The FE study is undertaking a series of consultation events to share the findings from the desk study and focus groups, and create a set of recommendations.
Recommendations for managers and leaders
We started with recommendations for colleges and are now focussing on recommendations for college managers. There are three strands of activity for college managers that staff and students at the consultation events have prioritised:
- Initiate (or reinvigorate?) a college digital strategy group, ensuring that the decisions that it makes are informed by staff and learners’ perspectives and underpinned by local and national evidence.
- Plan carefully how to engage learners in a dialogue about technology. Learners want to be engaged but currently feel they are not listened to. Consider using a variety of methods which together: acknowledge how important technology is for learners, encourage learner voices to be heard, include the variety of learner voices, manage learner expectations, and feedback to learners how their voices have been heard and used.
- There is an urgent need for staff development based on the findings from the desk study of differentiation. How can lecturers prepare classes (and blended/flipped lessons) for learners when there are such a variety of learner experiences and attitudes towards technology?
Recommendations for Jisc (and other sector bodies)
The initial commission asked for recommendations for Jisc but there are other influential sector bodies that staff at the consultation events wanted to recognise. Sector organisations are seen to have a role in lobbying and supporting college leaders to develop strategies and practices to manage and meet learner expectations. They might do this by:
- Creating and sharing institutional exemplars of college strategies that clearly differentiate between learners, their needs and the resources they bring to the learning environment.
- Collaborating with other sector organisations in order to share resources and disseminate research findings.
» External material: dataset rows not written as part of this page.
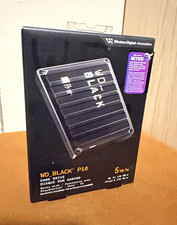 Western Digital WD_BLACK P10 5TB Portable HDD USB, 2.5in, USB-Powered, Black picture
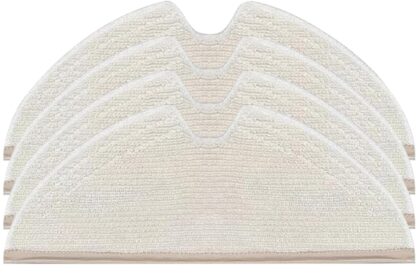 Accessory Set for Roborock Q5 Max+/Q8 Max/Q8 Max+/Q5 Pro/Q7/Q7+/Q7 Max/Q7 Max+ Robot Vacuum Cleaner, 4 Filters, 4 Pads (8 Pieces)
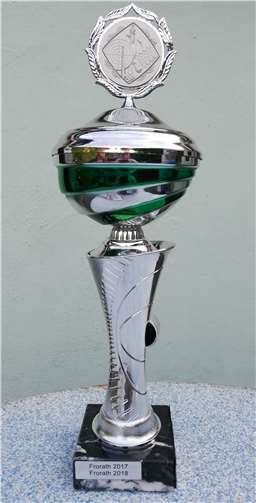 Den Bezirkswanderpokal gewannen die Frorather Schützen zum wiederholten male. Foto: privat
- Facilitating closer working between business, employers and FE staff when determining expenditure, use of technology and assessment in order to ensure learner have access to and are using technologies in ways which prepare them for employment and enhance their lifelong employability
Recommendations for researchers and funders of research
The desk review highlighted the lack of funding for research in FE and Skills and the impact this has had on learner experience research. There are various ways the sector could deal with this. It’s not yet clear which approach is favoured or whether all are needed.
- Colleges could conduct their own institutional research in order to keep pace with the impact of changing expectations. However, access to these is difficult and there needs to be more better support in the form of tools and analysis services and synthesis and dissemination of their findings nationally.
- Develop lecturers’ professional practice: encourage them to use research findings, conduct their own evaluations and engender professional pride in their practice, such as through supporting routes to postgraduate study, collaborations with HE researchers, and action research projects.
- Make ring-fenced funding available to higher education researchers for studies to investigate learner experiences within the further education and skills sector. There needs to be funding for large scale projects and/or aggregation of small scale projects.
We are looking forward to further developing DRAFT recommendations (updated for London) with staff and learners at the final consultation events in London and Swansea.
One reply on “Emerging recommendations from FE study”
I completely agree that there needs to be further research and funding for such research in the context of FE. I myself are part way through a project within FE (self funded- now on hold) that looks speciifcally at digital literac undertsnding within an FE institution- it was generating some interesting ideas that could really add value to what the teachers/educsators and learning technologists were focussing on and inclduing within their day to day practice.
I really do hope these recommendations are listened to and that some funding is ring-fenced for FE- but also that FE privilages and acknowledgeds the importance of research in terms of how it can benefit them as it seems that it is not seen as something which has an impact of the day to day working of institutions.